__ASSIGNMENT__: Transcribe each record exactly. Omit the pictures.

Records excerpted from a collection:
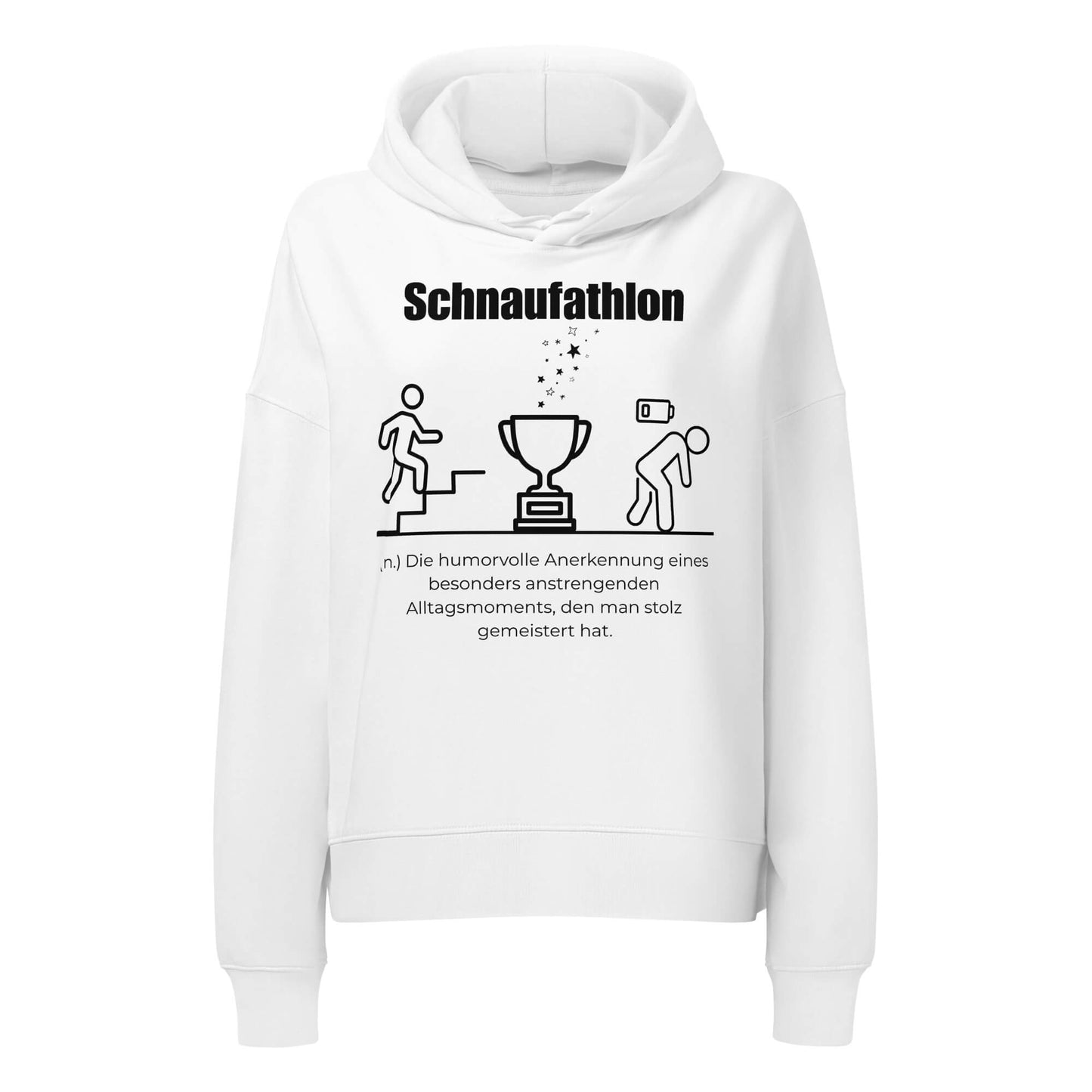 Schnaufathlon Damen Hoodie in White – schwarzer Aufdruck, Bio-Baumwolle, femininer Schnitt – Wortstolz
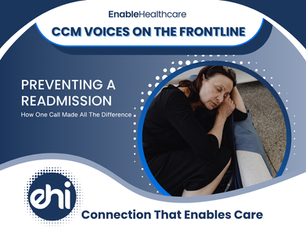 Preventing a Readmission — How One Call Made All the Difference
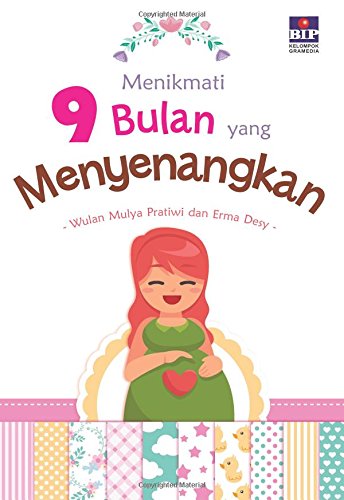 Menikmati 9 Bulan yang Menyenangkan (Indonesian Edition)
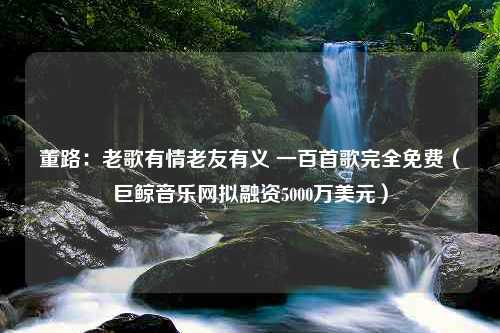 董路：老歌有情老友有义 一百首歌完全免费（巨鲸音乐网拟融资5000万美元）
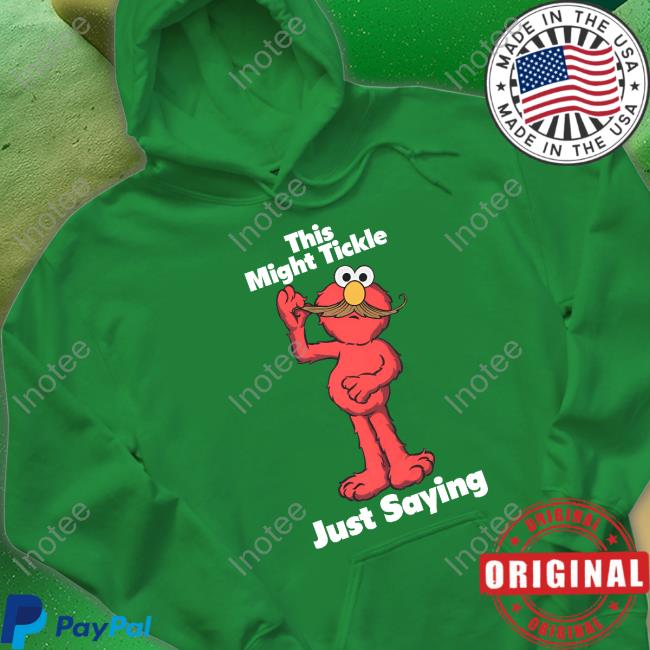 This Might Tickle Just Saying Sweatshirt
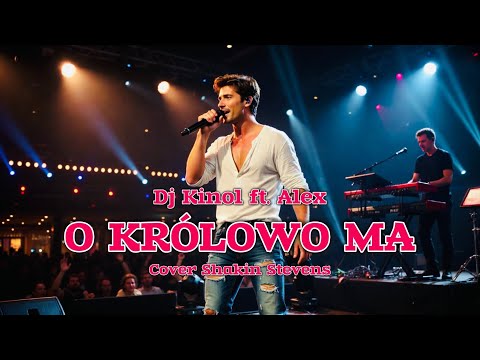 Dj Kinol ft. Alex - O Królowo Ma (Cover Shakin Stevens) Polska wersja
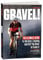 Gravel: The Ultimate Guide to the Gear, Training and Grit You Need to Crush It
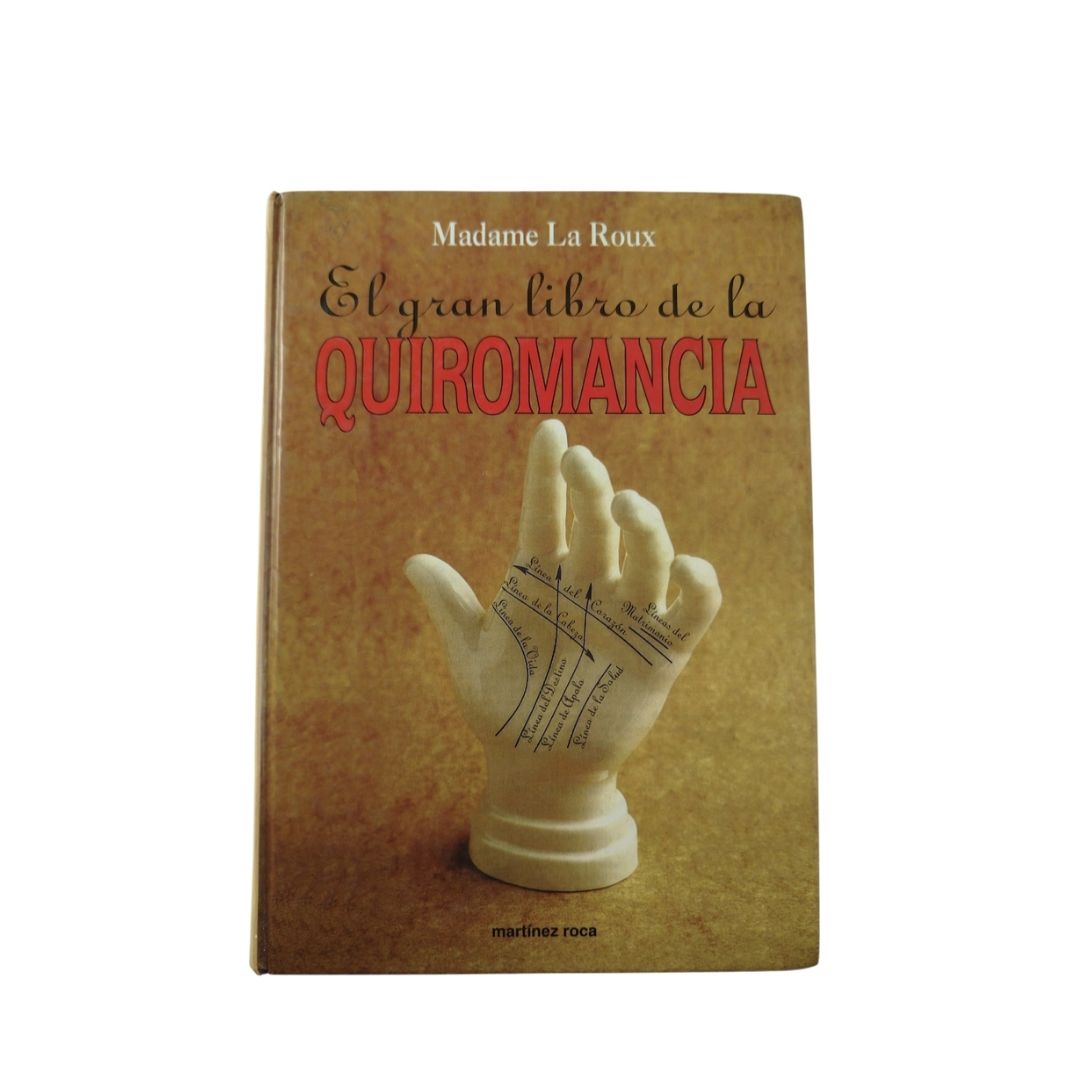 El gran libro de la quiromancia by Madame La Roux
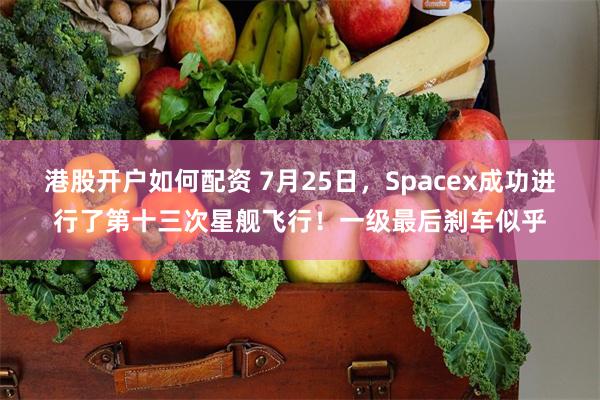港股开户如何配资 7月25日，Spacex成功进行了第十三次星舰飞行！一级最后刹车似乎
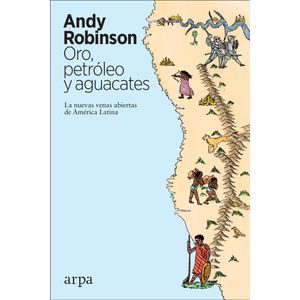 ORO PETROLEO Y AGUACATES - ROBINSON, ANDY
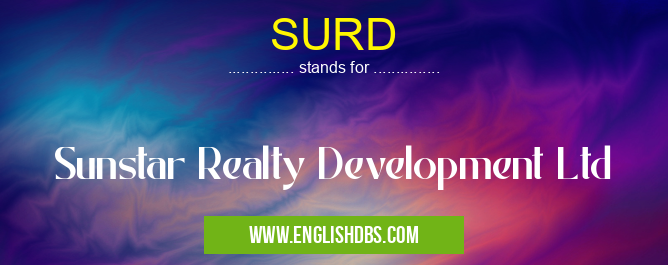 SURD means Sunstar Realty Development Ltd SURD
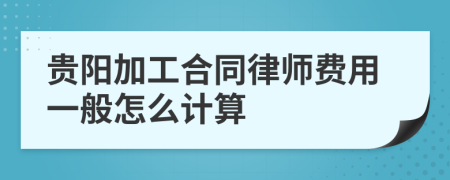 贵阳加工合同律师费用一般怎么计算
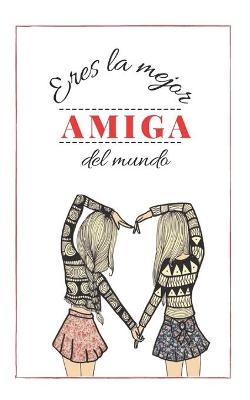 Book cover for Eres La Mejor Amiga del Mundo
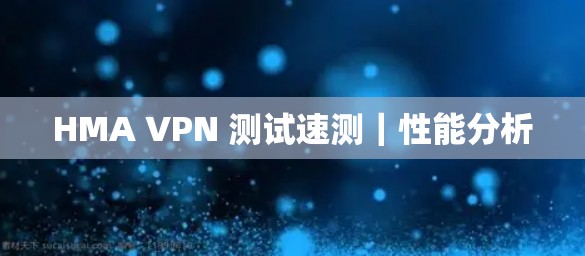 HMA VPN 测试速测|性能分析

__ANSWER SECTION__:
 Schnaufathlon Damen Hoodie in White – schwarzer Aufdruck, Bio-Baumwolle, femininer Schnitt – Wortstolz
 Preventing a Readmission — How One Call Made All the Difference
 Menikmati 9 Bulan yang Menyenangkan (Indonesian Edition)
 董路：老歌有情老友有义 一百首歌完全免费（巨鲸音乐网拟融资5000万美元）
 This Might Tickle Just Saying Sweatshirt
 Dj Kinol ft. Alex - O Królowo Ma (Cover Shakin Stevens) Polska wersja
 Gravel: The Ultimate Guide to the Gear, Training and Grit You Need to Crush It
 El gran libro de la quiromancia by Madame La Roux
港股开户如何配资 7月25日，Spacex成功进行了第十三次星舰飞行！一级最后刹车似乎
 ORO PETROLEO Y AGUACATES - ROBINSON, ANDY
 SURD means Sunstar Realty Development Ltd SURD
 贵阳加工合同律师费用一般怎么计算
 Book cover for Eres La Mejor Amiga del Mundo
 HMA VPN 测试速测|性能分析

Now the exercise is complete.